Sehr geehrter Herr Rock,

die SPD-Fraktion beantragt, aus der Mitteilung unter TOP A5.1. einen ordentlichen Tagesordnungspunkt zu machen und folgenden Beschlussvorschlag zur Abstimmung zu stellen:

„Der Kreistag beschließt die Entlastung der Städte des Rhein-Erft-Kreises durch eine 1: 1-Weiterleitung an die Kommunen des um 25 %-Punkte erhöhten Anteils des Bundes an den Kosten der Unterkunft in Höhe von 20,952 Mio. EUR.“

Begründung:

Die Erhöhung der Bundesbeteiligung an den KdU Kosten sollte für alle Kommunen eine Entlastung sein.
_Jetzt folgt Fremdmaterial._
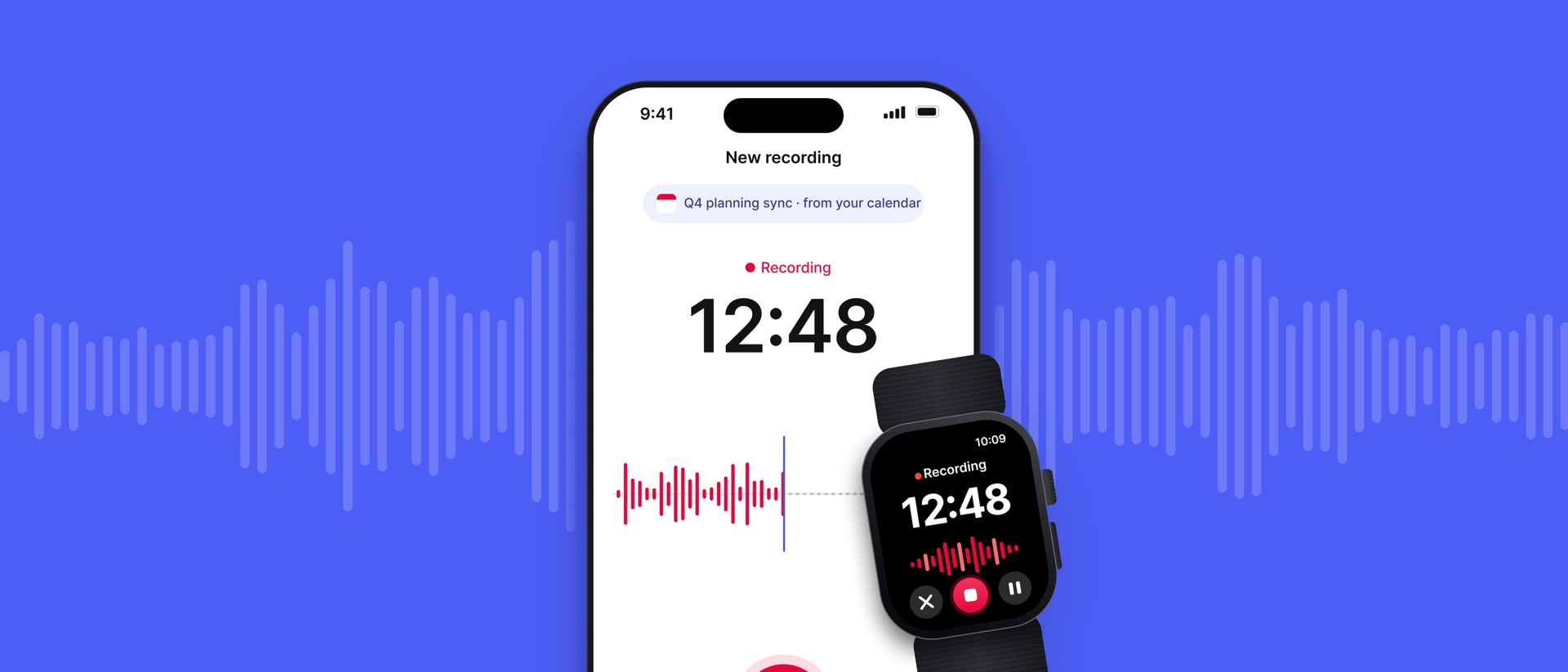 Wave AI Note Taker & Recorder product page header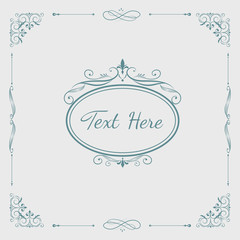 Canvas Print - Vintage ornamental banner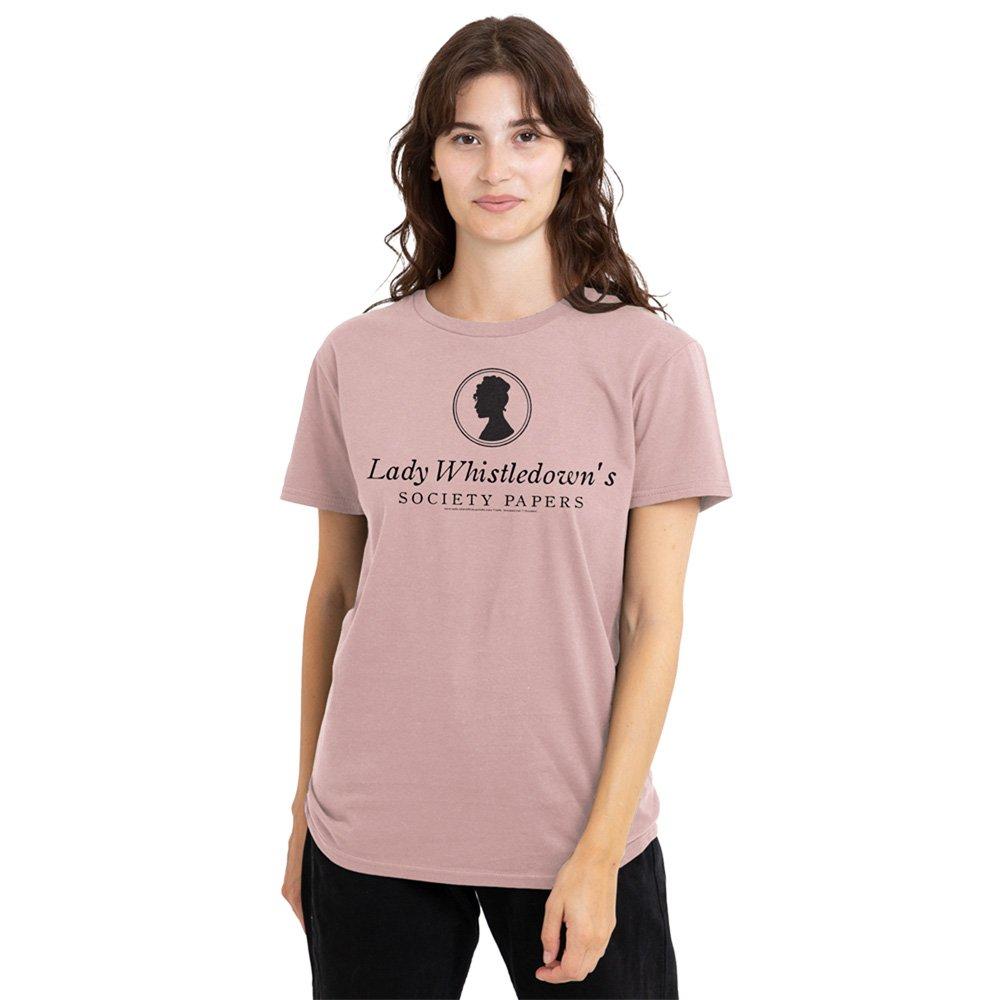 Pink - Bridgerton - Bridgerton - Lady Whistledown Society Papers T-Shi - 1
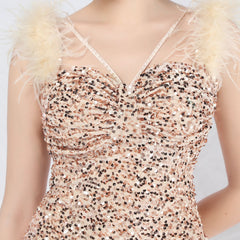 Sequined Split Maxi Dress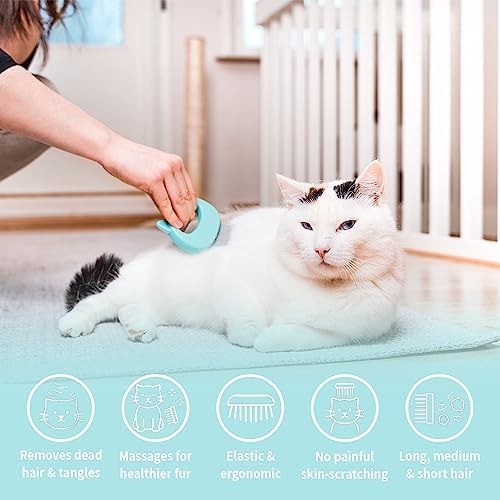 Leo's Paw The Original Pet Hair Removal Massaging Shell Comb - Image 2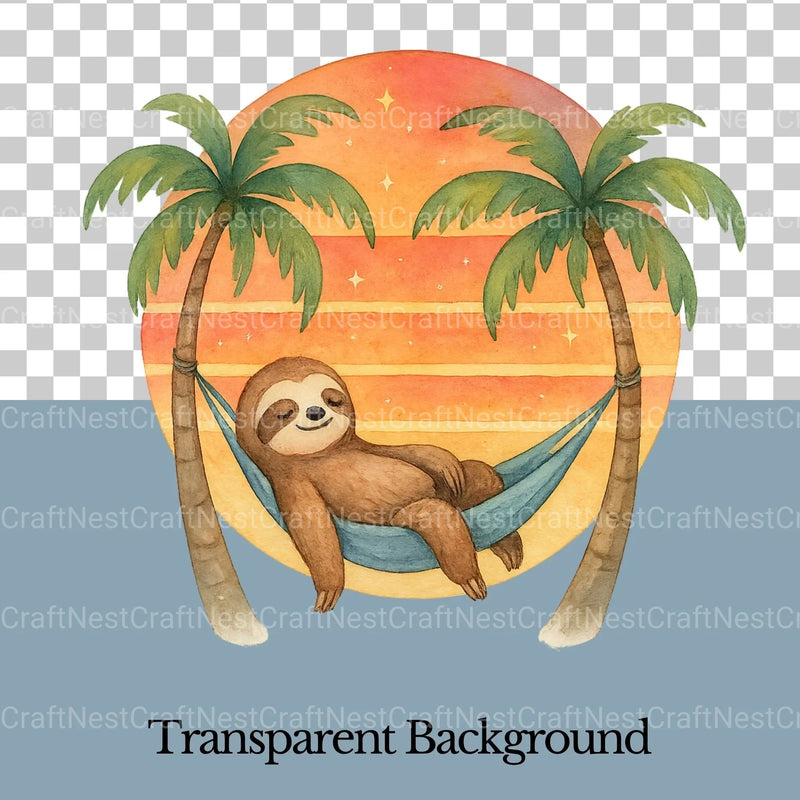 Retro Sunset & Animals Clipart Bundle - CraftNest - Digital Crafting and Art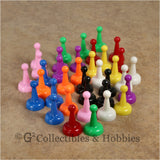 Game Pawns: Standard Set of 36 in nine colors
Wenn der Kreis nun nicht nur weiterhin versucht schuldenfrei zu bleiben, ungeachtet der volkswirtschaftlichen Mehrkosten, wenn Kredite bei ohnehin überschuldeten Kommunen anstatt im Kreis aufgenommen werden, sondern sogar von den Städten an ihn zu viel gezahlte Kreisumlagen zur weiteren Erhöhung der Ausgleichsrücklage nutzen möchte, ist dieses Zeichen gerade im Coronajahr absolut untragbar.
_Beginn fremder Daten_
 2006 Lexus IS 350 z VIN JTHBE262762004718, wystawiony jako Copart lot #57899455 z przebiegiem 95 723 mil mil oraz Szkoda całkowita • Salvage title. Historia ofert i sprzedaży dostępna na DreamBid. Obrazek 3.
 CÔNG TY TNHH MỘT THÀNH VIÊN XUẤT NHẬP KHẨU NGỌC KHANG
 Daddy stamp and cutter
Es ist absolut unangebracht, sich als Kreis aus der Verantwortung zu stehlen.

Die SPD-Fraktion schließt sich daher (entsprechend unserem Antrag vom 07.08.2020, DRS 307/2020) dem Schreiben des Bürgermeisters von Bergheim vollumfänglich an.

Diese Entscheidung ist aus unserer Sicht vollkommen alternativlos, wollen wir nicht die soziale Schieflage zwischen den Städten und dem Kreis noch weiter verschärfen.